Using the Energy Spectrum at DAMA/LIBRA to Probe Light Dark Matter
Spencer Chang, Aaron Pierce, Neal Weiner
TL;DR
This paper tests whether a light WIMP can explain the DAMA/LIBRA modulation by incorporating the observed recoil-energy spectrum and constraints from unmodulated rates. Under a standard Maxwellian halo and spin-independent scattering, the spectral data disfavor the light-mass solution and the high-mass solution is excluded by other direct-detection experiments. Modifications to the astrophysical velocity distribution or to particle physics (e.g., DM streams or inelastic scattering) can reopen narrow windows, but such scenarios face significant model-building and experimental challenges.
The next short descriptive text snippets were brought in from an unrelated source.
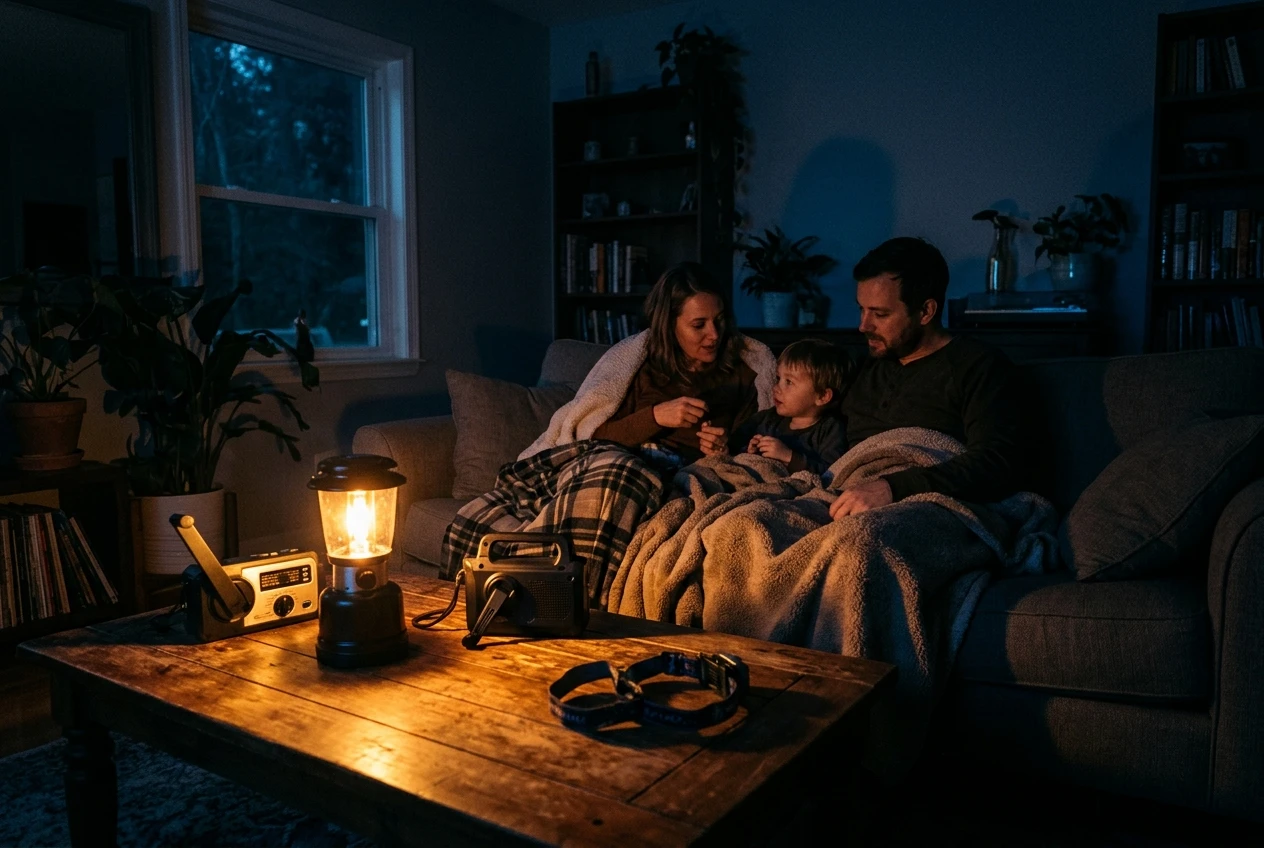 A dark living room during a power outage, with a headlamp and a hand-crank radio on a coffee table beside a lit lantern, and a family in blankets on the couch, in warm amber glow against deep blue shadows.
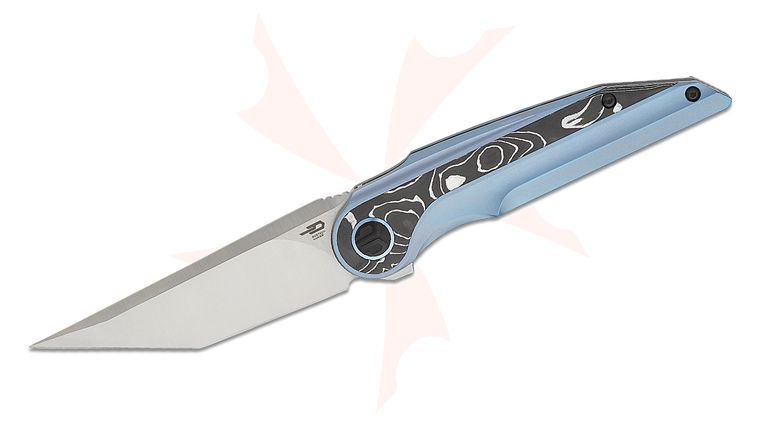 Bestech Knives Kombou Blind Fury Frame Lock Flipper Knife 3.62 inch M390 Satin Tanto Blade, Blue Titanium Handles with Silver Foil Carbon Fiber Inlays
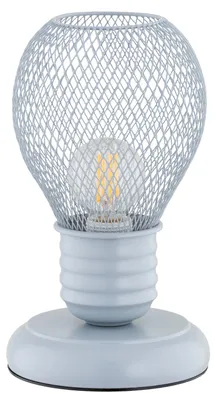 Obrázok produktu pre Stolná lampa v tvare žiarovky PIKOLO, sivá s dymovým odtieňom, 1xE14x10W, kov, rozmery: 21x11x11 cm, IP20, Alfa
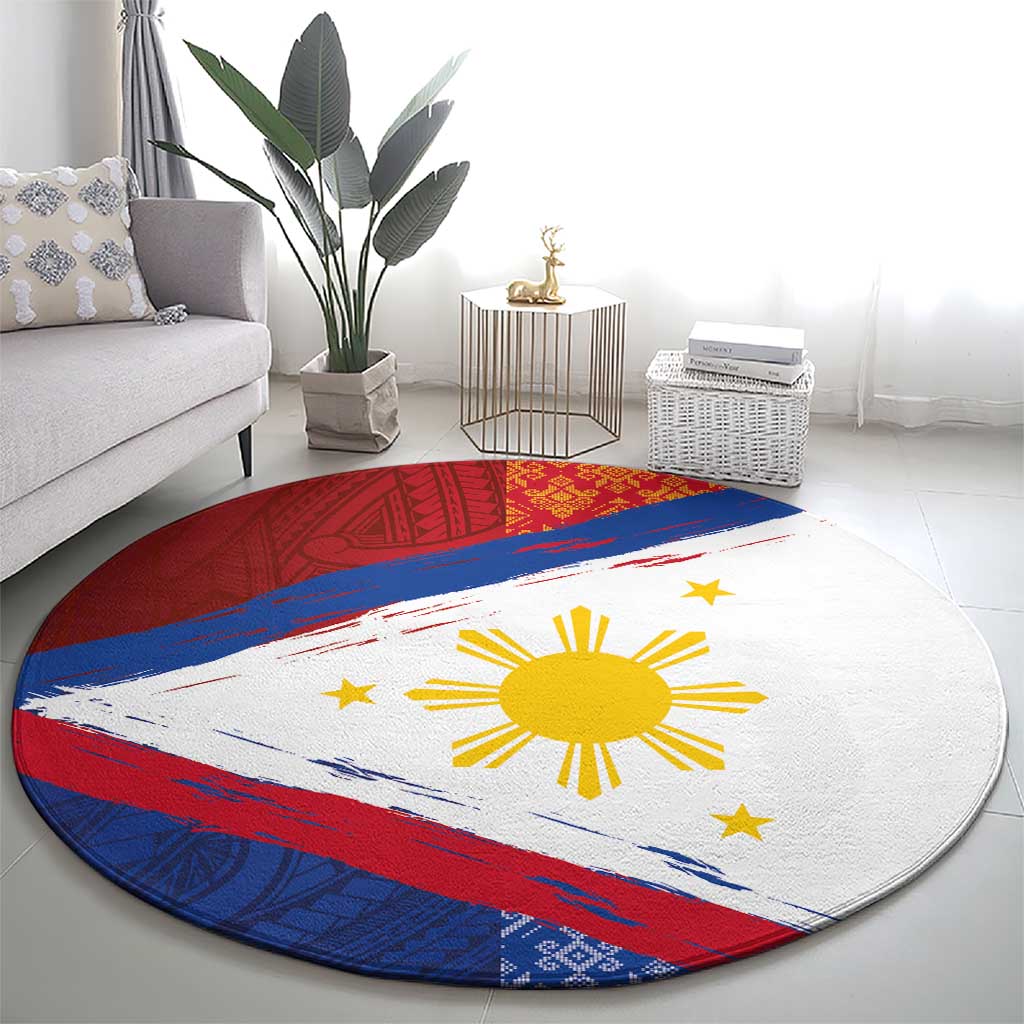 Philippines National Flag Day Round Carpet Polynesian and Yakan Tattoo Brush Style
The work highlights the critical role of spectral information and cross-experiment constraints in assessing DM interpretations of DAMA/LIBRA.
Abstract
A weakly interacting massive particle (WIMP) weighing only a few GeV has been invoked as an explanation for the signal from the DAMA/LIBRA experiment. We show that the data from DAMA/LIBRA are now powerful enough to strongly constrain the properties of any putative WIMP. Accounting for the detailed recoil spectrum, a light WIMP with a Maxwellian velocity distribution and a spin-independent (SI) interaction cannot account for the data. Even neglecting the spectrum, much of the parameter space is excluded by limits from the DAMA unmodulated signal at low energies. Significant modifications to the astrophysics or particle physics can open light mass windows.